Deutsche Bank's woes halt German bond deal
German Chancellor Angela Merkel expressed hope yesterday that problems at Deutsche Bank could be solved after the lender made clear it needed no state aid with a $14bn (€12.4bn) demand to settle claims it missold mortgage-backed securities.
Asked during a news conference if Berlin was concerned about Deutsche Bank and was considering assistance, Ms Merkel, inset, said: "I only want to say that Deutsche Bank is a part of the German banking and financial sector.

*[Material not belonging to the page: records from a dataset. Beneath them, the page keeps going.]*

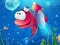 თამაში Ocean Hidden Stars ონლაინ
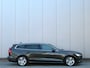 Volvo V60 T4 AUT Momentum Pro 12 MND garantie Apple CarPlay / Achteruitrijcamera / Stoelverwarming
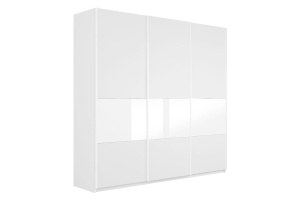 шкаф-купе Lux 3-дв 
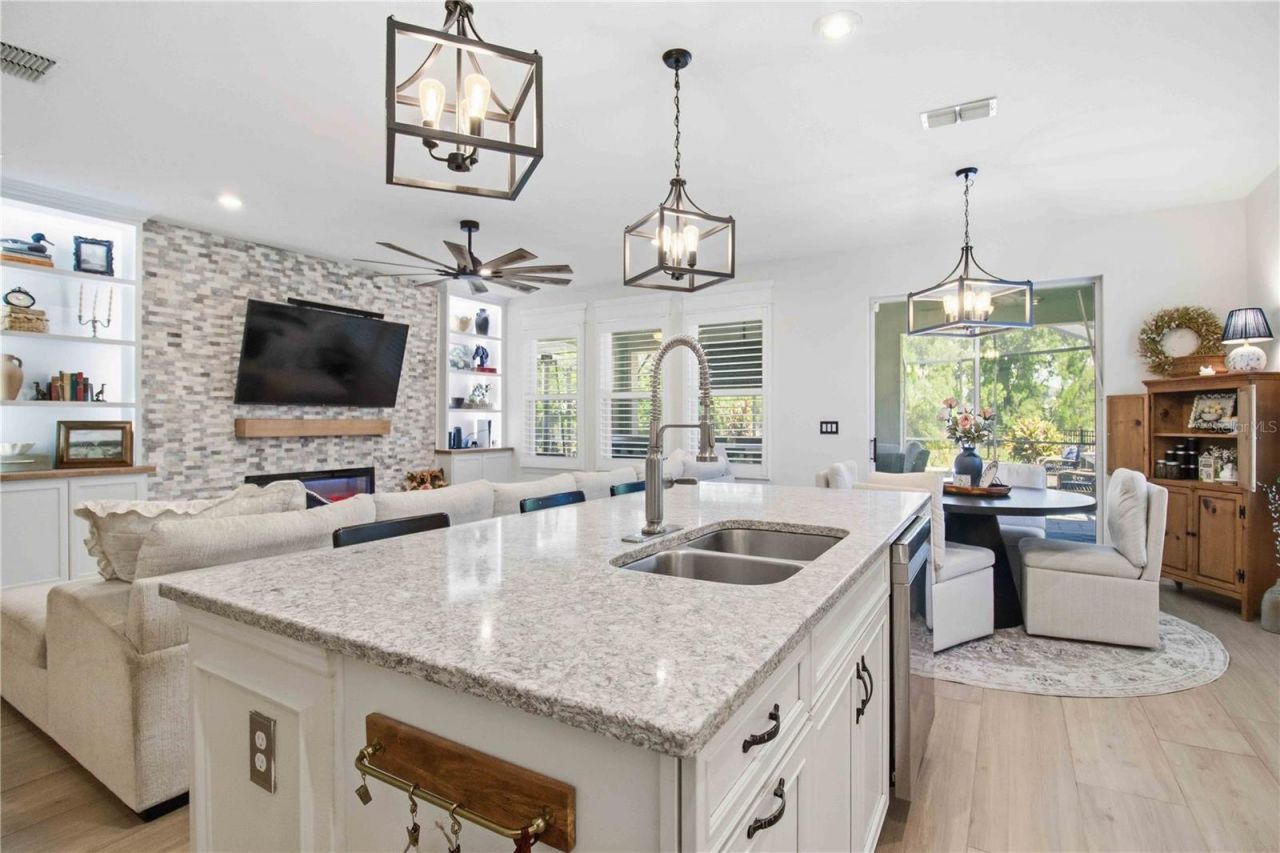 4502 Roycroft Terrace, Parrish, FL 34219 Photo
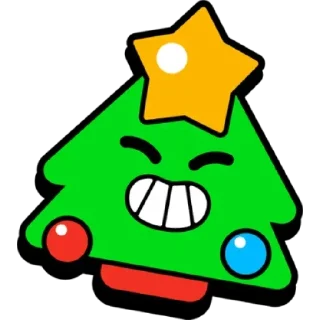 😁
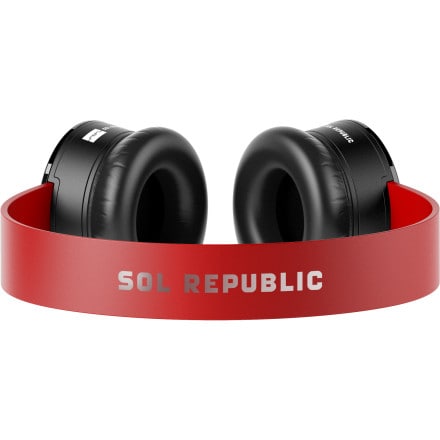 Sol Republic - Tracks Headphones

"And of course we hope that all companies, also if they face temporary problems, can develop in the right direction. I don't want to comment beyond that."
Deutsche Bank said on Monday it had no need for German government help.
On the markets, investor concerns saw the cost of insuring Deutsche Bank's riskier subordinated debt rise to a record.
Credit-default swaps on the German lender's junior bonds jumped as much as 37 basis points to 536 basis points, the highest level since prices began being tracked in 2007.
Credit default swaps insure bondholders against losses in the event of a bank default.
Deutsche Bank's €1.75bn of so-called additional Tier 1 bonds, which pay interest of 6pc, are first in line to take losses in a crisis. They fell about 2 cents on the euro to a more than seven-month low of 71 cents, according to data compiled by Bloomberg.
Deutsche Bank is coming under pressure as the US Department of Justice (DoJ) fine hinders chief executive John Cryan's push to shore up profitability and capital.
"Deutsche Bank is hanging over markets and it's not going to go away," Simon Adamson, an analyst at CreditSights, said at a conference in London. "The big question point is the DoJ investigation." Don Hunter, a London-based spokesman at Deutsche Bank, didn't immediately comment on its credit-default swaps.
Concerns about Deutsche Bank are hitting the wider debt market. Germany's largest shipping lender, Norddeutsche Landesbank, abandoned plans to issue euro-denominated bonds yesterday, citing market conditions. Germany's flagship airline Lufthansa withdrew a euro-bond deal on Monday after failing to get the desired price.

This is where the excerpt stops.